The Adani Group has become embroiled in a corruption scandal in South Africa after a series of leaked emails revealed the Indian power company was in talks to do a weapons deal with the controversial Gupta family.

Adani Mining, which is behind the Carmichael mine – the world’s biggest new thermal coal project in the Galilee Basin in Queensland – is owned by Adani Enterprises. It is Adani Enterprises which has been identified in the leaked emails as
being in discussions with the Gupta family to enter the arms business.

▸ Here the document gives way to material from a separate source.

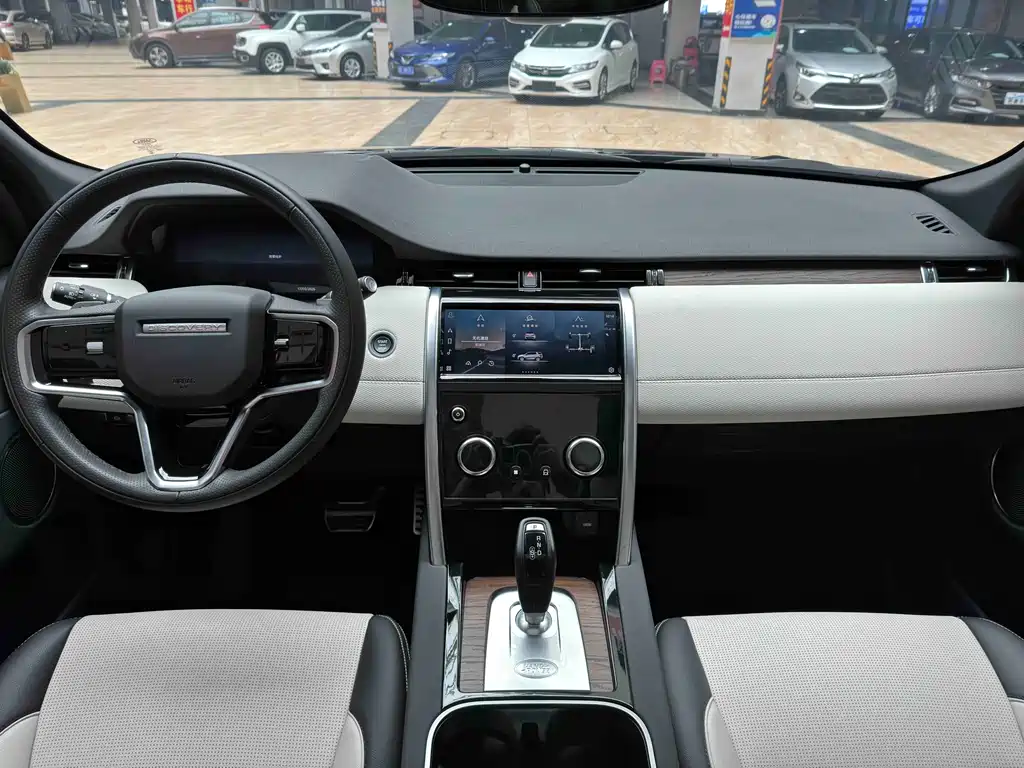 Land Rover Discovery Sport 2023 — фото 8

The unfolding scandal will lend further credence to calls that Adani should not pass the “fit and proper person” test and be granted large taxpayer subsidies to build its coal mine and railway in Australia.

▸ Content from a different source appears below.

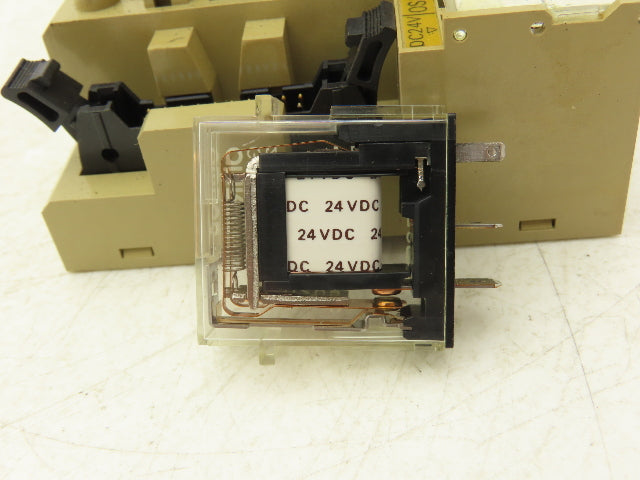 Omron G7TC-OC16 16 Position Base for Relay Type  G7T-1112S 24VDC w/Relays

Adani has been gifted an unlimited water licence by the Queensland government and a royalties deferral arrangement. The federal government, via its Northern Australia Infrastructure Facility (NAIF), is considering a $1 billion discount loan to a Caymans Islands-controlled Adani entity to build a railway line.

Several Australian government ministers have spoken favourably about the subsidies despite Adani companies and family members being embroiled in scandals in India in the past.

This latest scandal is bigger. Today, the chairman of South Africa’s monopoly power utility Eskom stood down. This followed a raft of other Eskom scalps and the scandal is engulfing the family of President Jacob Zuma.

According to the Economic Times of India, the leaked emails from the Gupta family show that discussions had been afoot between the Gupta’s scandal-plagued Denel group and the Adani Group.

The Gupta family had been trying to establish a company called Denel India in which Adani Enterprises was to have taken a 33 per cent stake.

Adani conceded it had been in talks with Denel but said it did not pursue the matter.

“This is common in defence or any other business where everyone talks to everyone but business is pursued only after rigorous due diligence. Adani Group has no relationship with Denel,” said the report, quoting an Adani spokesperson.

Denel had been banned in India for almost ten years as authorities conducted a corruption probe over weapons purchases.

In South Africa, the Guptas had endeavoured to convince Eskom to give them money so they could buy a thermal coal mine with the son of the President Jacob Zuma. Glencore was the seller and Eskom stood to purchase the coal to the benefit of the Gupta family.

Meanwhile in Australia, on behalf of the Adanis, the federal and Queensland governments are endeavouring to convince the taxpayers to give them money in order to subsidise the export of thermal coal to India via a series of transactions which will benefit the Adani family.

The scandal in South Africa is likely to leave opponents of the Carmichael project even more unimpressed. One, Tim Buckley, director of IEEFA, told michaelwest.com.au tonight, “Even without taxpayer subsidies the Adani project is a white elephant and, in oversupplying the seaborne thermal coal market, a market in structural decline, this mine is contrary to Australia’s national interest.

“I think this linkage to coal-corruption in South Africa and special deals with Modi’s government by Adani is a major credibility hit for Adani here, particularly as it relates to the probity of the NAIF subsidised loan and the Queensland royalty holiday, not to mention free water.”

Indian Prime Minister Narendra Modi has been on an anti-corruption campaign but is an associate of Gautam Adani. The scandal is not a good look for Indian authorities either.